A Quito, jouant habilement sur le terrain mixte de l’engagement social, politique et religieux, le pape, au cours d’une messe géante devant plus d’un million de personnes, a invité les fidèles à faire la révolution. Au cri de l’indépendance et de la liberté lancé il y a 200 ans[3] doit correspondre le cri de l’Evangile : « Evangéliser est notre révolution, parce que notre foi est toujours révolutionnaire. » Et d’exhorter chacun à travailler au grand processus de changement, à devenir un artisan de la réforme sans sous-estimer ses propres ressources et responsabilités. Le pape François indique le chemin : sortir de son individualisme, pour développer une culture de la rencontre et de la solidarité par un dialogue sans tabous, parce qu’une foi qui ne débouche pas sur la solidarité est une foi morte ou mensongère.[4] Qu’il s’agisse de la doctrine sociale de l’Eglise ou de la vie chrétienne en général, le pape n’use pas d’un langage dogmatique, mais reprend avec constance une série d’idées directrices qui ne laisse aucun doute sur ses intentions : l’écoute du peuple et de ses aspirations comme lieu de discernement, le refus de toute dictature aussi bien en politique que dans l’Eglise, l’esprit de service et de gratuité comme principe de gouvernement, l’attention aux pauvres et aux petits, l’accueil et le dialogue sans conditions plutôt que l’argumentation et la polémique.
Ces thèmes ne sont pas nouveaux. Dans sa première exhortation apostolique déjà (La Joie de l’Evangile),[5] le pape François dessinait clairement les lignes directrices du nouveau pontificat. Réaffirmées avec insistance au cours de ce dernier voyage, elles prennent encore plus de relief, comme si le contexte sud-américain leur servait de révélateur. Mieux affranchie de son passé, l’Amérique latine fait preuve d’une souplesse et d’une capacité d’innovation supérieure à celle du Vieux Continent, qui peine à se libérer de ses structures et de ses dogmes obsolètes. La tension entre les aspirations démocratiques des peuples et les prétentions autocrates de certains dirigeants, le contraste plus vif entre les immenses zones de pauvreté (favelas) et l’arrogance d’un capitalisme pur et dur, la demande de pardon pour les offenses de l’Eglise et les crimes contre les peuples autochtones lors de la conquista, la relecture de l’histoire du salut par la théologie de la libération, la force et le dynamisme des mouvements populaires et le poids démographique de la jeunesse font de l’Amérique latine un vaste laboratoire des défis que le XXIe siècle adresse non seulement à l’Eglise catholique mais au monde vieillissant.

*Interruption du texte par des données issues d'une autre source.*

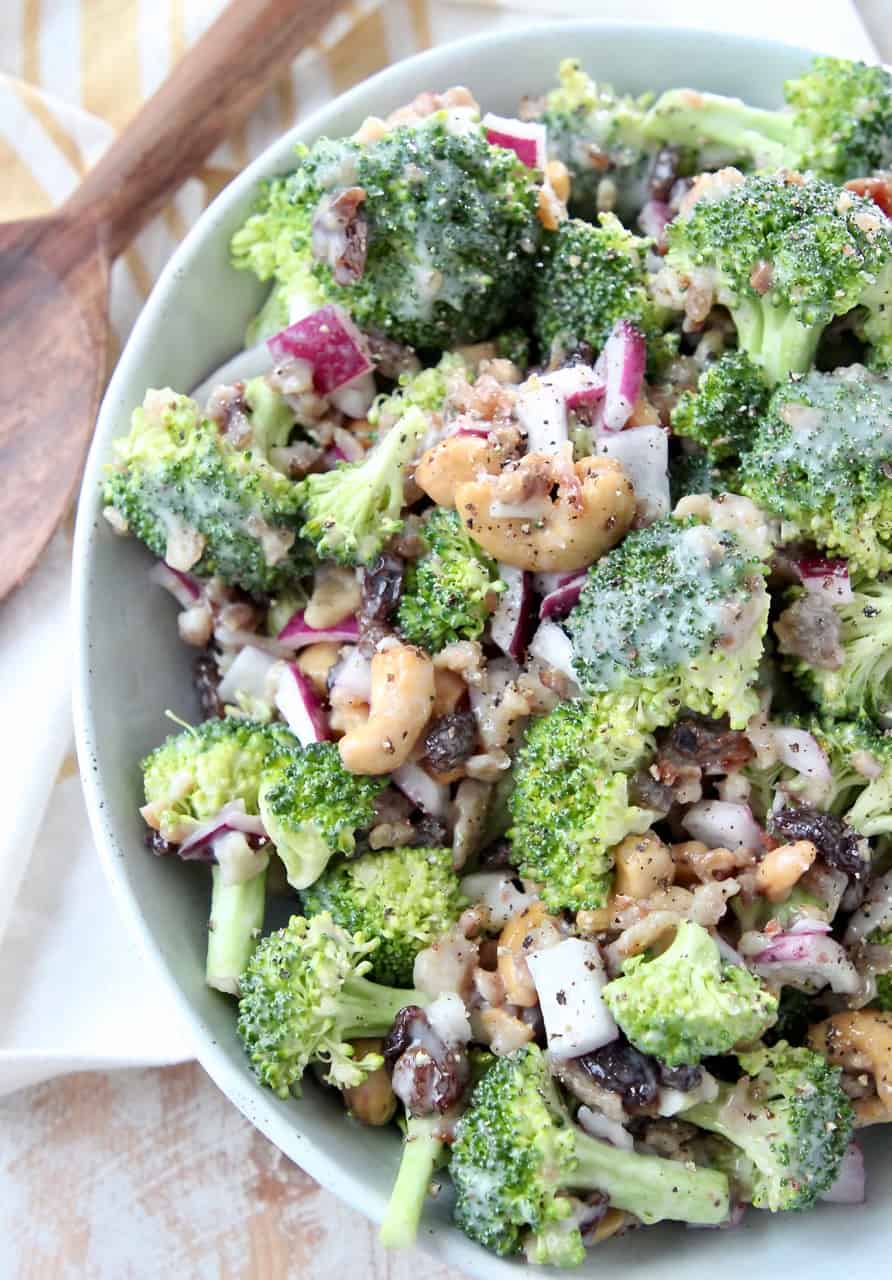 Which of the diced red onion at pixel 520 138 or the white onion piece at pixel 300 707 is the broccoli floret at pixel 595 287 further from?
the white onion piece at pixel 300 707

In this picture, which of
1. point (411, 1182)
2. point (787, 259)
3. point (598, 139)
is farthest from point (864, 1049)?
point (598, 139)

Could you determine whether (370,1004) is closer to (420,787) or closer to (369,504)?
(420,787)

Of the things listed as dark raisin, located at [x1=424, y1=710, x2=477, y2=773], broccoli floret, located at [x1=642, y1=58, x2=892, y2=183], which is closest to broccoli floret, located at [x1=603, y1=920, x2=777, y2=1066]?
dark raisin, located at [x1=424, y1=710, x2=477, y2=773]

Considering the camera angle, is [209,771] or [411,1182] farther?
[209,771]

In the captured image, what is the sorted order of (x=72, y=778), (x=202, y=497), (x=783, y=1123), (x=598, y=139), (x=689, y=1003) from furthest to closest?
(x=72, y=778)
(x=598, y=139)
(x=202, y=497)
(x=783, y=1123)
(x=689, y=1003)

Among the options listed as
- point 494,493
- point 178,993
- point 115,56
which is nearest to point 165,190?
point 115,56

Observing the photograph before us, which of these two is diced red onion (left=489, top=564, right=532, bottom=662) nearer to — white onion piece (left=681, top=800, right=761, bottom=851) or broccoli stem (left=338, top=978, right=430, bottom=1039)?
white onion piece (left=681, top=800, right=761, bottom=851)

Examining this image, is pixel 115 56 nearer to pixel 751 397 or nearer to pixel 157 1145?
pixel 751 397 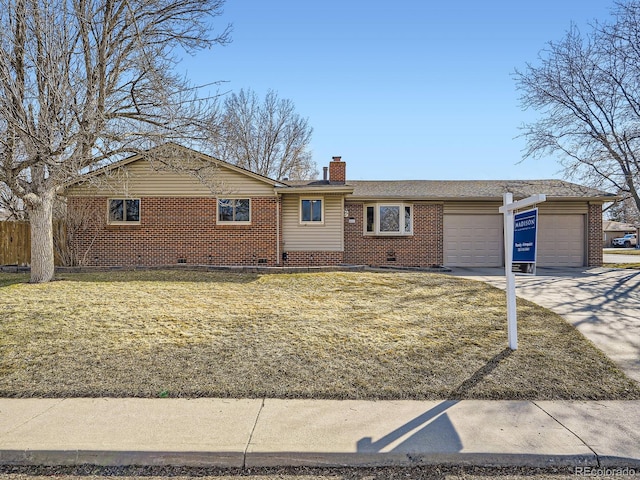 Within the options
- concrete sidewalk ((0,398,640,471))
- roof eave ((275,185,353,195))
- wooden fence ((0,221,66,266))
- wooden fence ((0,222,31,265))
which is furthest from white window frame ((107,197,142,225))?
concrete sidewalk ((0,398,640,471))

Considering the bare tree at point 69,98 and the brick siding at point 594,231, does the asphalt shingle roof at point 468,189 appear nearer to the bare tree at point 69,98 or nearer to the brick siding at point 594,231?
the brick siding at point 594,231

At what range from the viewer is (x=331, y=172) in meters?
17.1

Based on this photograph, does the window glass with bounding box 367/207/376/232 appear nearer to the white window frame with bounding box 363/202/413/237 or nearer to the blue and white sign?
the white window frame with bounding box 363/202/413/237

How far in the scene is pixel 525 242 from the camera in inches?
201

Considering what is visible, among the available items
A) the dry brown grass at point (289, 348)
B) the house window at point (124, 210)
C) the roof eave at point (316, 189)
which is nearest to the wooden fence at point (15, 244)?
the house window at point (124, 210)

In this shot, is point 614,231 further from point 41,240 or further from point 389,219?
point 41,240

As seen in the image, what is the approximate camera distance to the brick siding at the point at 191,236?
14398 mm

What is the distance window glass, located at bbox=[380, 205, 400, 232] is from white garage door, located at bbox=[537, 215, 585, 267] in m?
5.93

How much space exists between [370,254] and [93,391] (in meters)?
12.7

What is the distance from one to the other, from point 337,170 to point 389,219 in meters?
3.02

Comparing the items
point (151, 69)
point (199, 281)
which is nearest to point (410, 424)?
point (199, 281)

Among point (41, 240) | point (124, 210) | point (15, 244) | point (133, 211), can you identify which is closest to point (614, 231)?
point (133, 211)

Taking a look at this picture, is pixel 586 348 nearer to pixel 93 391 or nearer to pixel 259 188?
pixel 93 391

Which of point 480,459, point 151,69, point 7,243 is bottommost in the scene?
point 480,459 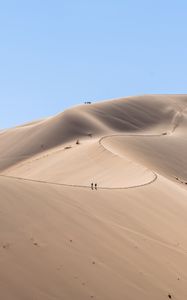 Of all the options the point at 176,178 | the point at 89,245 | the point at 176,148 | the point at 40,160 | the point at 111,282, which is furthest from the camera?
the point at 176,148

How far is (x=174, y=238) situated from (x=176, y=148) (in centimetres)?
2322

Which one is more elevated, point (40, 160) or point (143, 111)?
point (143, 111)

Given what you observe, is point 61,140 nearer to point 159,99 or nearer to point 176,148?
point 176,148

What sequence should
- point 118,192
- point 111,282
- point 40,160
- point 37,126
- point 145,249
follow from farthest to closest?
1. point 37,126
2. point 40,160
3. point 118,192
4. point 145,249
5. point 111,282

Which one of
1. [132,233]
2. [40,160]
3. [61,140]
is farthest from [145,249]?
[61,140]

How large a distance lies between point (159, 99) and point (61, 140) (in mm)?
16627

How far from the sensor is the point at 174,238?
12.7 meters

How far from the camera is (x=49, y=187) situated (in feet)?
40.0

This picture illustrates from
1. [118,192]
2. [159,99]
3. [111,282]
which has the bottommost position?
[111,282]

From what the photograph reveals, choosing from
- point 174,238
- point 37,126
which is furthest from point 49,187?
point 37,126

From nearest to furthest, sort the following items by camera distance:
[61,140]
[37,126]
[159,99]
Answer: [61,140] → [37,126] → [159,99]

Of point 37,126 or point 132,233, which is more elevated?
point 37,126

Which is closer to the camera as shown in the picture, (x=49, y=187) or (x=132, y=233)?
(x=132, y=233)

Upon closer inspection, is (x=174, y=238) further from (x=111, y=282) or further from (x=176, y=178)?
(x=176, y=178) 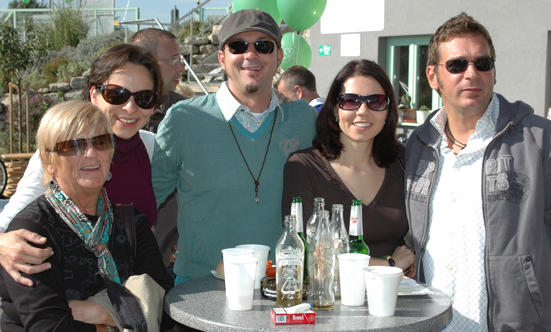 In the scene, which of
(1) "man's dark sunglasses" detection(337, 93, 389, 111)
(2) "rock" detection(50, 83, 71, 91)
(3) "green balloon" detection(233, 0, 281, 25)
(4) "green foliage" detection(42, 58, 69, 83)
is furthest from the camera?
(4) "green foliage" detection(42, 58, 69, 83)

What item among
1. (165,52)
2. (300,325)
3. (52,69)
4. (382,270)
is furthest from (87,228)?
(52,69)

[1] • Cf. discours du pape François, aux participants à la 2e Rencontre mondiale des mouvements populaires (Santa Cruz de la Sierra, 9 juillet 2015).
[2] • Réforme des structures financières du Vatican ; réforme du gouvernement central avec l’institution du conseil des cardinaux (G9) ; simplification et réorganisations des dicastères romains…
[3] • L’Amérique latine célèbre cette année le 200e anniversaire des mouvements d’indépendance.
[4] • Pape François, op. cit.
[5] • Evangelii gaudium, Rome, novembre 2013, 164 p.